Review: 'No Dogs Allowed' by Landmark Student Theatre

Review: 'No Dogs Allowed' by Landmark Student Theatre

Nancy Sasso Janis

Thomaston, CT - Landmark Student Theatre presented two performances of an adorable production of ‘No Dogs Aloud’ live on the main stage of the Thomaston Opera House this weekend. Four of the cast members were young actors and the other four were community theatre adult actors; they all worked nicely together to get this little show on the Opera House stage for young audiences to enjoy.

Director Jeffrey Dunn calls ‘No Dogs Aloud’ a timeless story about family and reveals that during the rehearsal process the cast has become a theatre family. “We have worked, laughed, played and even yelled once or twice.” The Mcdougal family in the play has left the city for a simpler life on a farm in the country. “This is a story for any child that has ever wanted a pet and EVERY parent that at one time or another says NO.” 

Cast member Steve Sorriero came out to do the curtain speech in costume and did so in an endearing grandfatherly manner that put the young ones in the audience at ease. The first two acts were a neat 50 minutes; after intermission the third act resolved the chaos that closed the second act and even included a dream sequence.

In the role of Junket, Caitlin Barra was a believable farm dog so named because she had taken so many trips around the countryside. Ms. Barra never broke character and charmed the little ones in the audience as easily as the grownups that brought them. Mr. Sorriero (with his signature handlebar mustache) was the genial farmer hand Peter Paley who had worked with Junket before the farm was sold. 

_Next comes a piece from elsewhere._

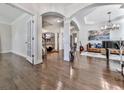 Elegant living room with hardwood floors, fireplace, and arched doorways with supporting pillars at 134 Edinburgh Dr, Canton, GA 30115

Lou Guertin played the new homeowner Mr. McDougal, a former professor bringing his family to the country for fresh air and quiet, and Kate Sileo played his wife. Their children were played by Brady Mckenna as Michael, Jordan Mae Curtis as Margaret and the unsinkable Hailey Auburn as Molly. All three young actors did well with their roles and Ms. Auburn’s stage presence belied her age. The wonderful Kathy Cook had the role of their new neighbor, Miss Peckett. 

The show is set in a typical farmhouse and yard somewhere in the country and scenic painters Bob Brophy, Pat Piscopo, Ashley Royer (who also did the props) and David Verdosci did a fine job of putting that scene on the stage. The staff of Mindscape Industries conceived and constructed the many elements of the production.  Barbara Piscopo’s costumes were up to her usual standards. Lighting by Abbey Elias was nicely done and sound by Jared Albi worked well. 

After the curtain call, the actors remained onstage to interact with audience members, sign autographs and pose for photos.